Litmanen con la maglia del centenario blaugrana.

La sensazione è che il finlandese sia ancora uno dei più forti calciatori in Europa, ma non lo dimostri sempre e con costanza. L’ambiente forse non l’ha accolto al meglio, o lui ha subito troppo le pressioni di Barcellona, eppure ha sempre confermato di aver amato la città, per il suo clima, e per il suo calore.

L’esonero di Van Gaal al termine del 1999, fissa una pietra tombale sulla carriera di Jari in Spagna, ma ad accoglierlo all’inizio del millennio, a parametro zero, è un’altra squadra gloriosa: il Liverpool.

Gérard Houllier, tecnico dei Reds, accolse Litmanen come una vera e propria star. 

“We have signed a world-class player.
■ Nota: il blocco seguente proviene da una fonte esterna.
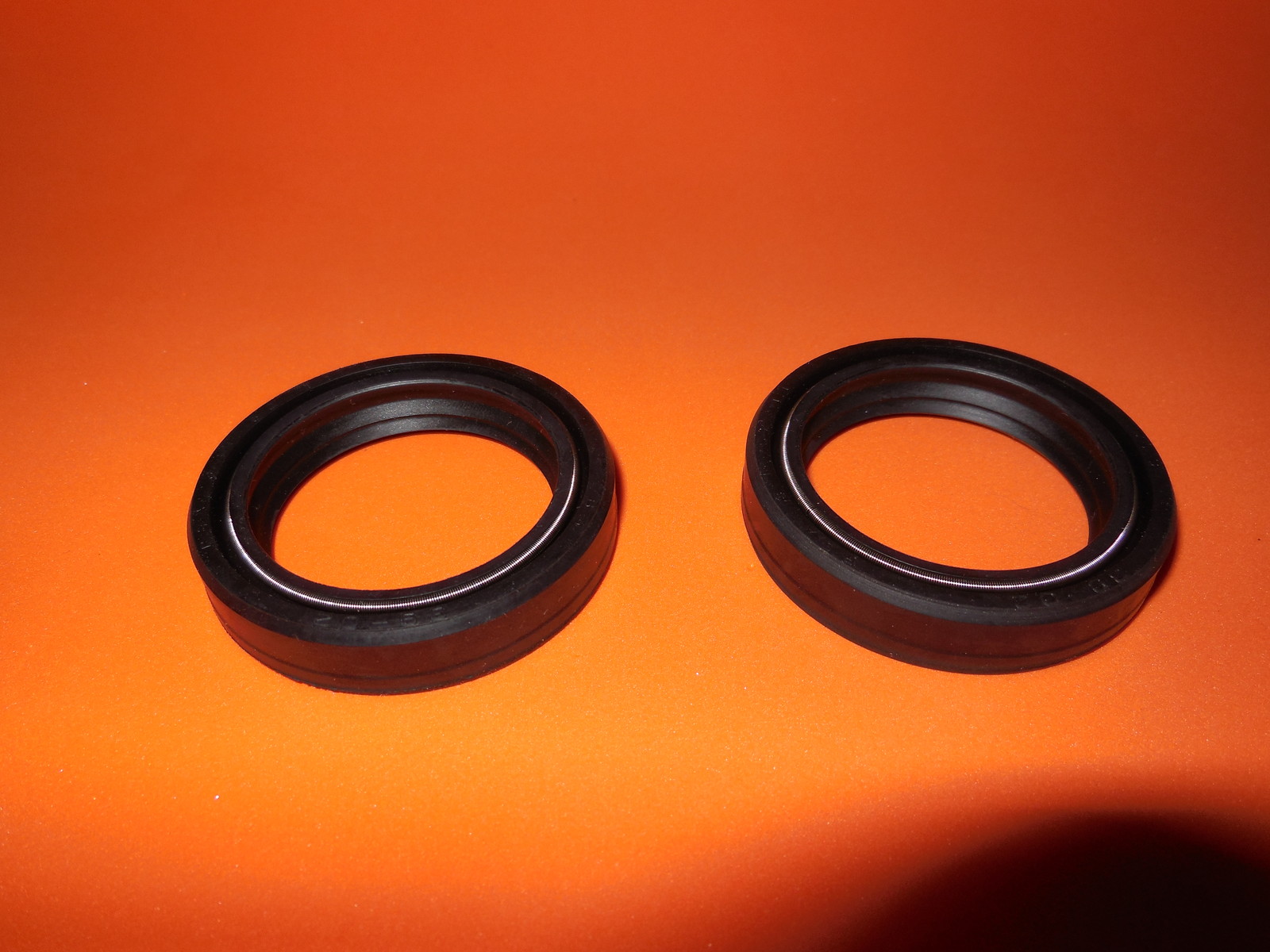 2 seals 39 x 50 x 11 mm double lip seal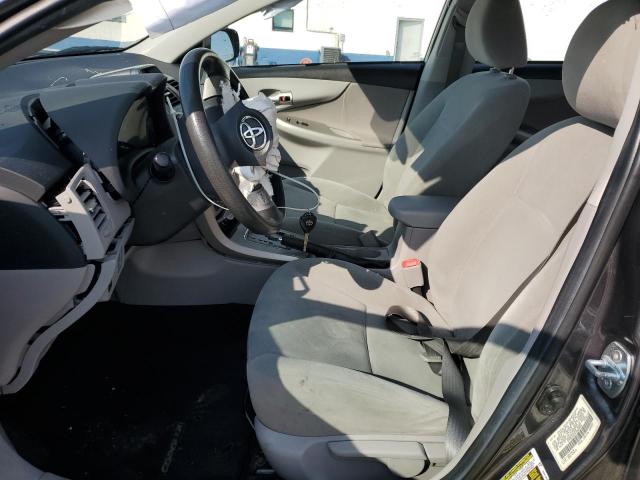 5YFBU4EE4CP058664 - 2012 TOYOTA COROLLA BASE Сірий фото 7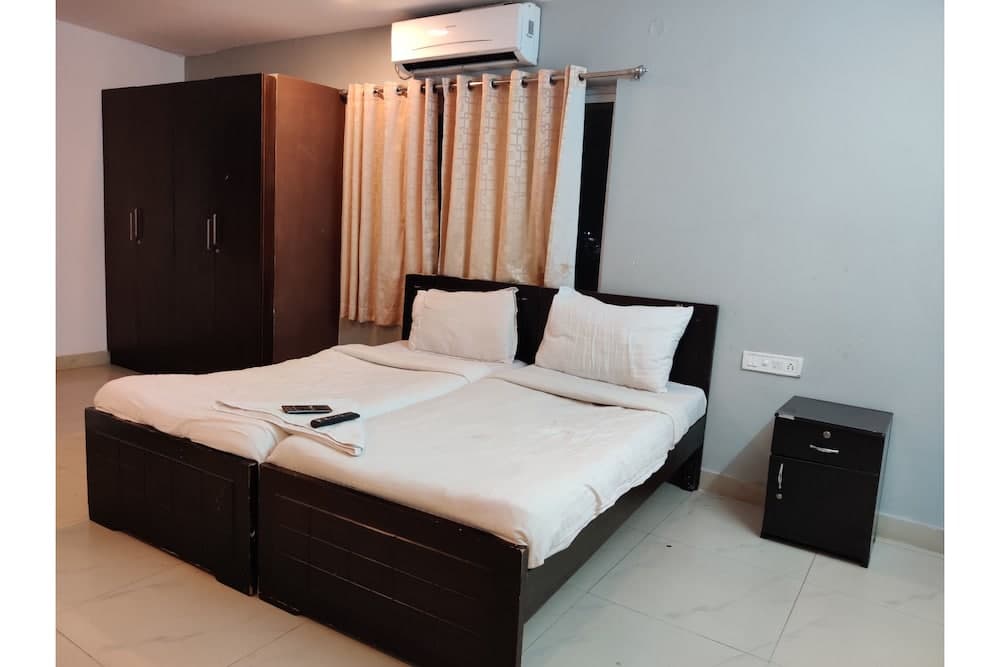 Capital O 44354 Jubilee Banjara Suites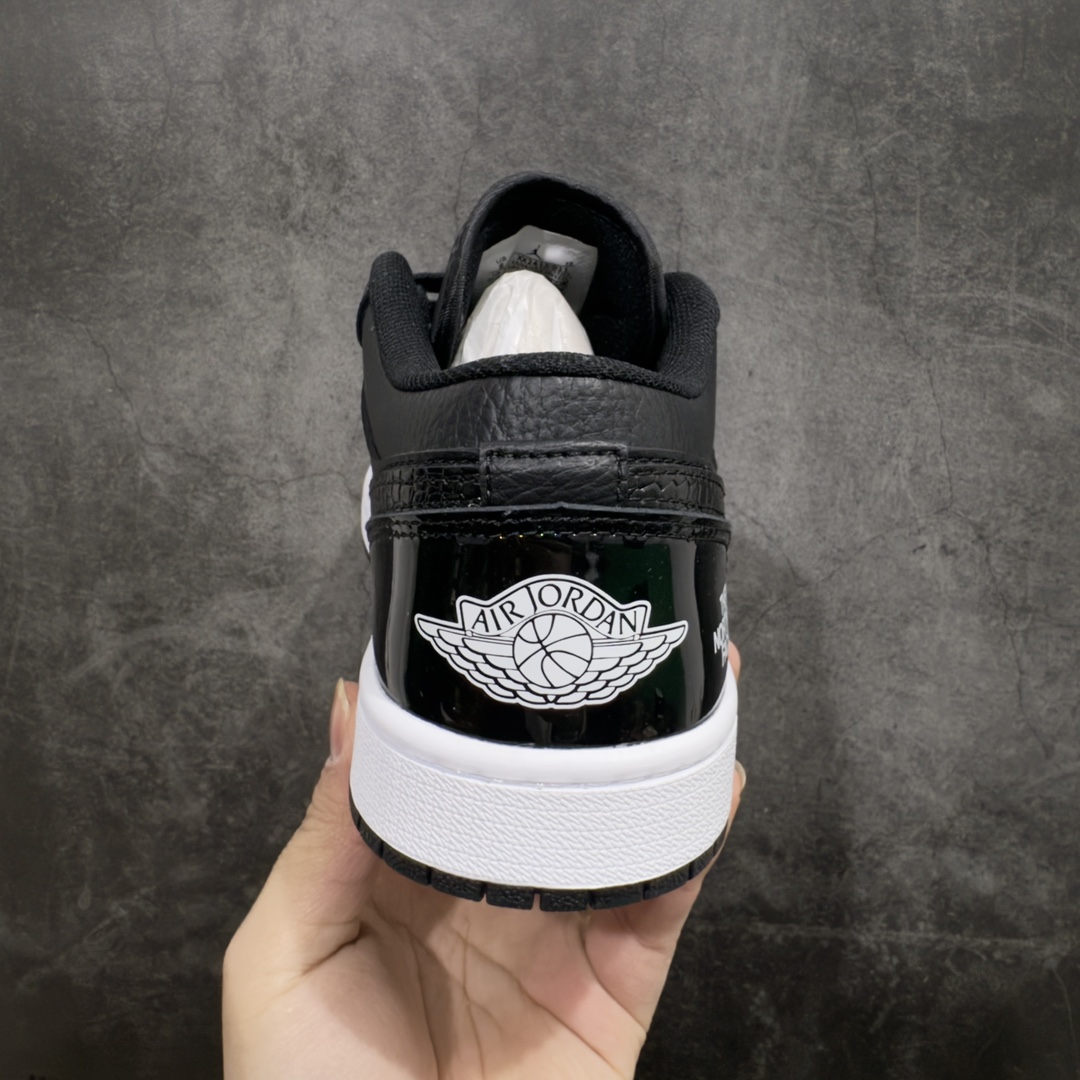 图片[4]-【定制版】Nike Jordan Air Jordan 1 北面联名n纯原大厂出品 极力推荐n定制鞋盒 大厂纯原品质出货超高清洁度 皮料切割干净无任何毛边 细节完美 货号：XX2411 011nSize: 36 36.5 37.5 38 38.5 39 40 40.5 41 42 42.5 43 44 44.5 45 编码：CC280300-莆田鞋批发中心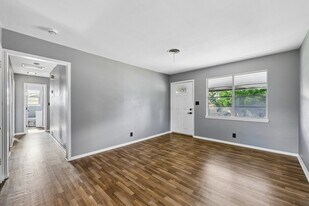 7940 Chaparral Dr in White Settlement, TX - Building Photo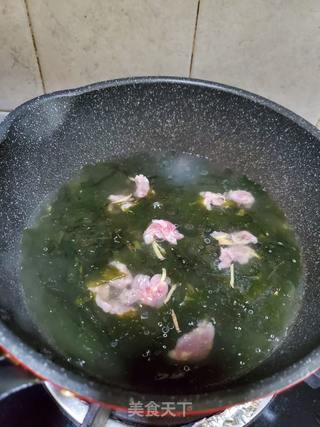 海藻肉片汤的做法步骤:4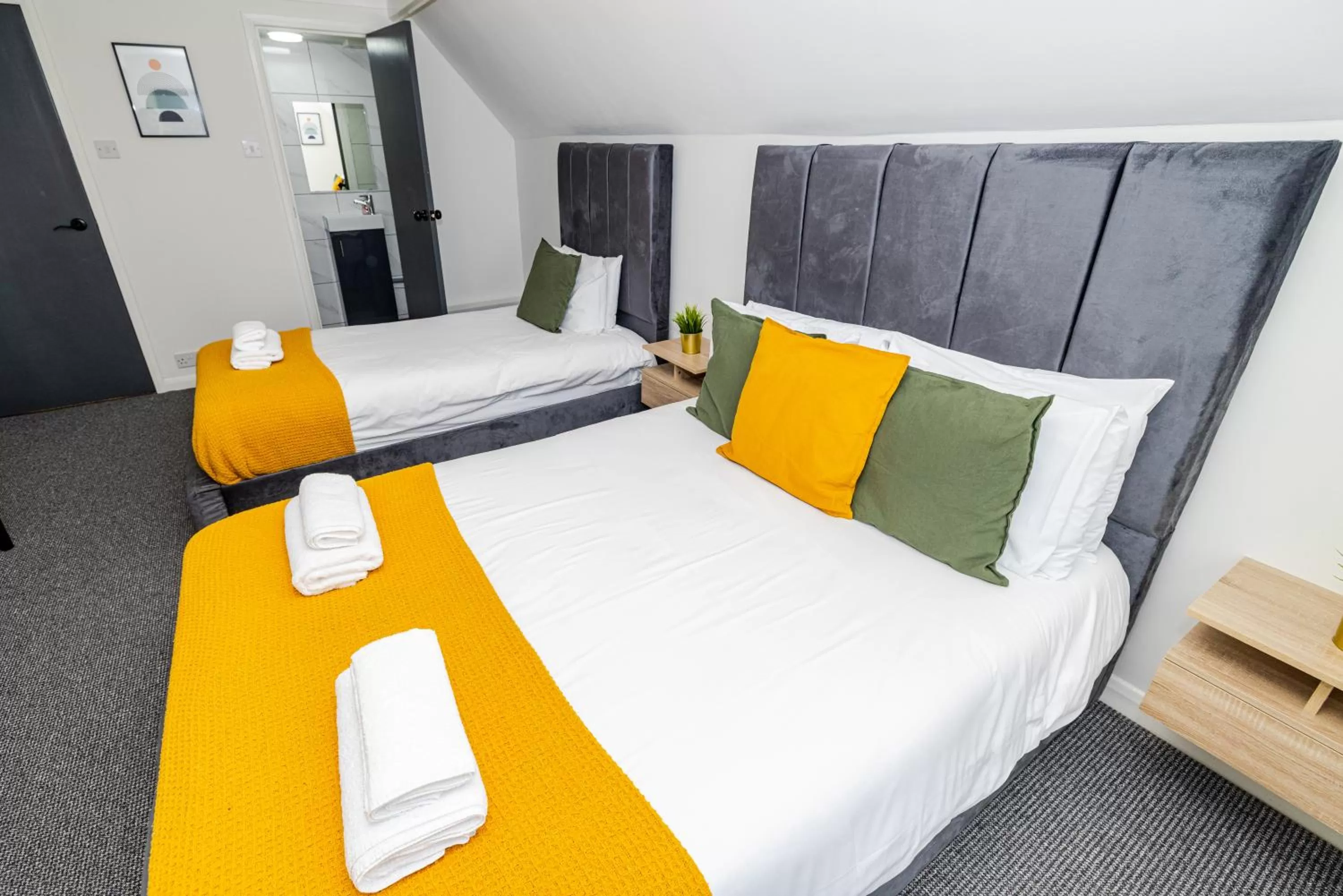 Photo of the whole room, Bed in Woodford Hotel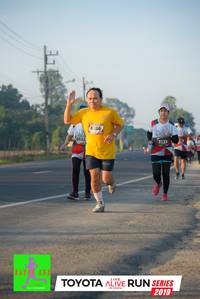 BIB: 6553, 3123, 2019
                            <button type="button" onclick="openModal(6568563)" class="btn btn-primary btn-sm float-right btn-popup" data-toggle="modal" data-target=".modal-high-quality">
                        <i class="fas fa-shopping-cart"></i> Add to Cart
                    </button>
                                            <button type="button" onclick="isThisMe(6568563, true)" class="btn btn-success btn-sm float-right btn-popup btn-isme hidden" data-toggle="tooltip" data-placement="bottom" title="นี่คือรูปของคุณใช่ไหม คลิกที่นี่เพื่อเอาเข้าอัลบั้ม">
                        <i class="fas fa-plus"></i> Add to album
                    </button>
                    <button type="button" onclick="isThisMe(6568563, false)" class="btn btn-warning btn-sm float-right btn-popup btn-isnotme hidden">
                        <i class="fas fa-ban"></i> Remove from album
                    </button>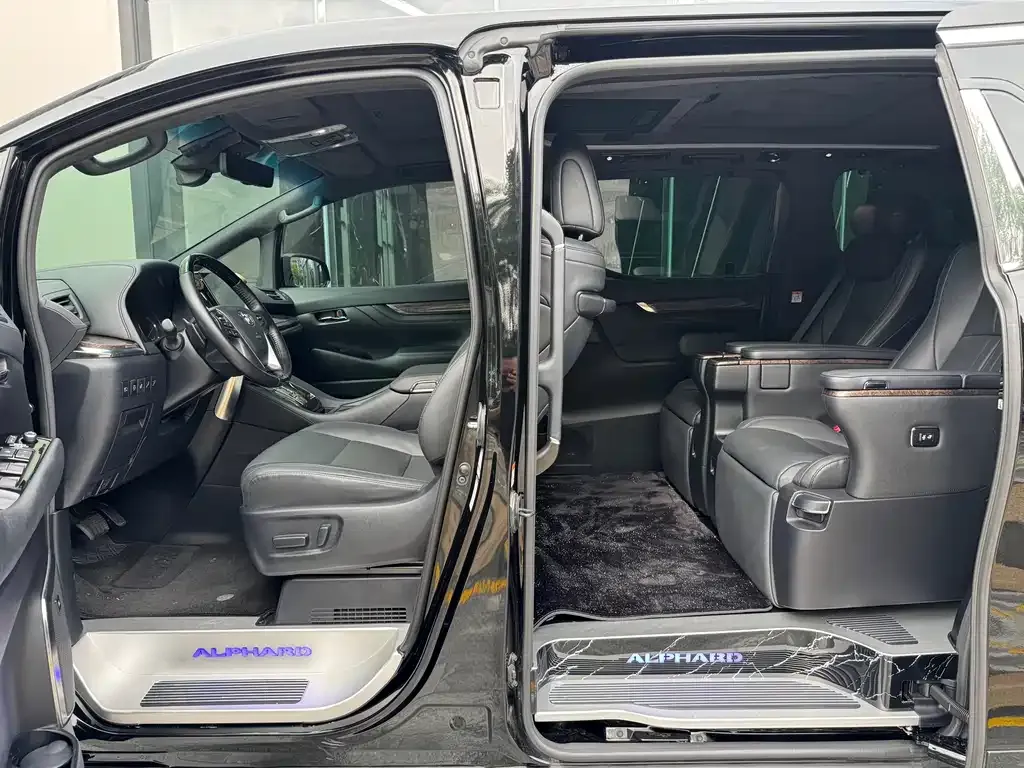 Toyota Alphard — фото 3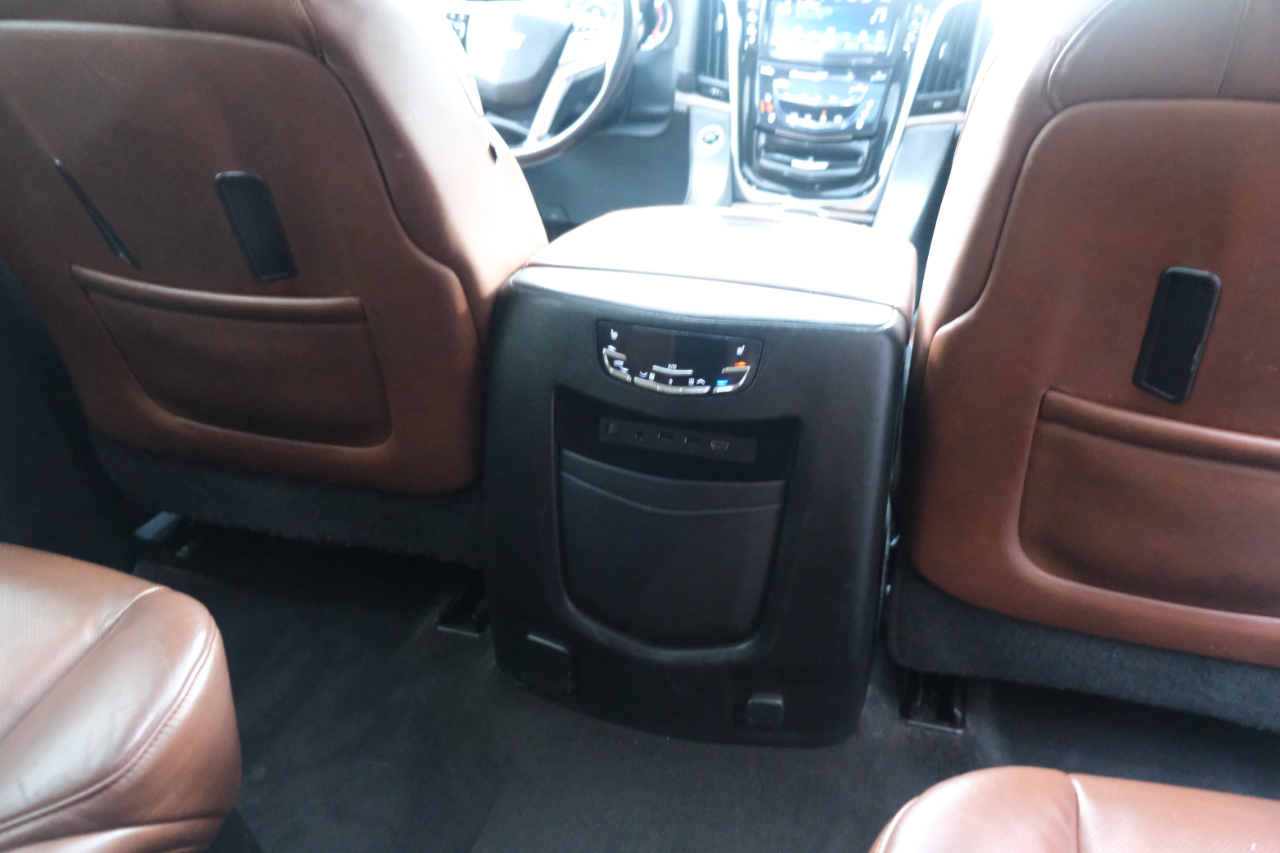 Cadillac Escalade ESV 4dr AWD Platinum Edition 2017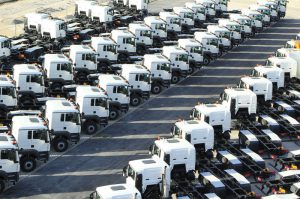 Masser af lastbiler står i en lagergård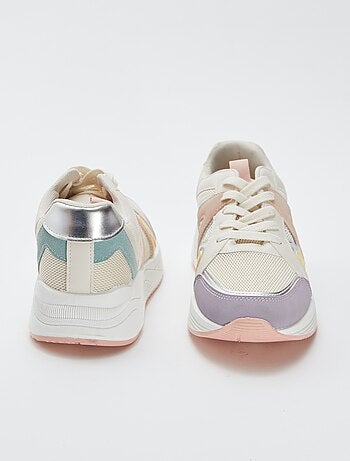 Baskets multicolores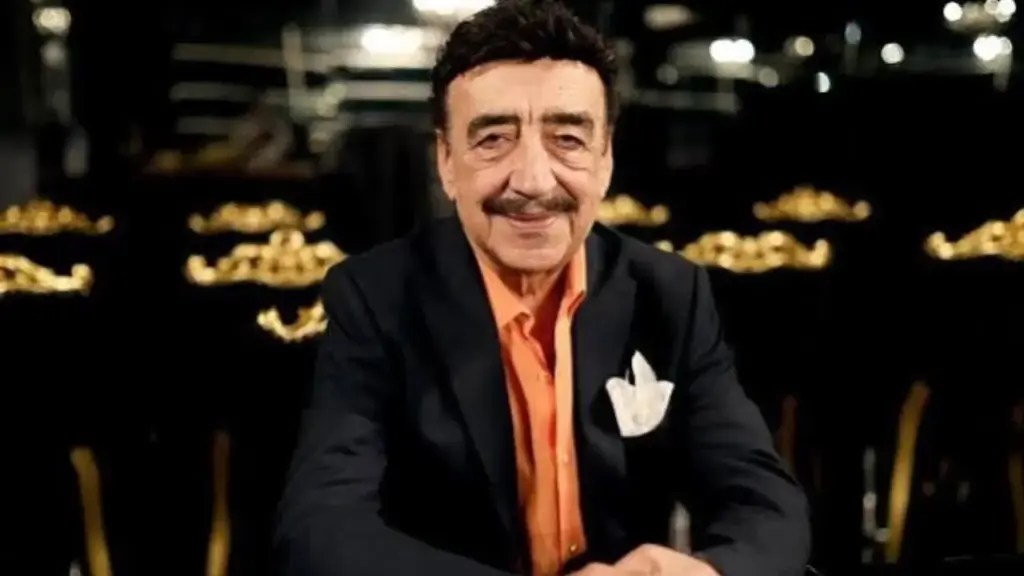 Hakkı Bulut sahnede rahatsızlandı, hastaneye kaldırıldı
He comes with a massive reputation and I believe he’s one of the most exciting signings we have made”

 

Parole così dolci, e forti, che Litmanen si sentì di ricambiare, affermando di aver ammirato Kevin Dalglish (bandiera del Liverpool) ancora di più di Maradona. L’amore con la Kop è a prima vista, ma l’allenatore, incredibilmente, lo schiera poche volte titolare, nonostante ogni volta che entri dia spettacolo, e segni. 

La carriera al Liverpool è fugace, ma Litty mette comunque in bacheca Coppa UEFA, FA Cup, e Carling Cup, oltre ad un’altra Supercoppa UEFA. La sensazione è, che ogni volta che entri, sia più un’attrazione per il pubblico, che un vero e proprio fattore per la squadra, inoltre Houllier non ha trovato il posto giusto per il finlandese, nel 4-4-2 che vedeva l’assenza di un uomo fra le linee, e due attaccanti diversi da Litmanen, Owen ed Heskey, e veramente difficili da tener fuori.

CASA DOLCE CASA

Home is where heart is, si dice in Inghilterra. Il cuore di Litmanen è a metà fra Amsterdam, e la Finlandia, la patria che lo ha svezzato, e che ancora oggi lo adora come una delle 50 personalità più importanti della storia del paese.

La sua carriera, fondamentalmente, dopo il primo periodo in Olanda non ha mai vissuto di grandi acuti. E’ tornato per altre due stagioni in Eredivisie, per poi peregrinare fra Bundesliga, e di nuovo Premier League, ma alla fine ha deciso di dare il suo contributo al povero calcio di casa.

Un amore per la patria, che ha 40 anni lo ha portato a tornare a giocare per l’HJK Helsinki, e vincere l’ultimo trofeo che mancava nella sua bacheca, la Veikkausliiga, che ha sostituito dal 1990 la Mestaruussarja.

Ancora oggi ci si chiede come sarebbe andata la sua carriera, se non avesse avuto quel passaporto. E’ anche arrivato terzo in classifica per la corsa al Pallone d’Oro nel 1995, ma in pochi ricordano oggi le sue gesta, al di là della bacheca. Le sue giocate sopraffine, il suo modo di essere sempre decisivo in campo.

In molti si chiedono dove sarebbe arrivato se avesse giocato di più al Barcellona, o se avesse vinto una Premier con il Liverpool, in molti, ma non lui, che in fondo è arrivato dove voleva arrivare. A vincere tutto, per poi tornare a casa, fra i ghiacci della sua Finlandia, a trionfare per l’ultima volta, con la maglia che ha amato di più.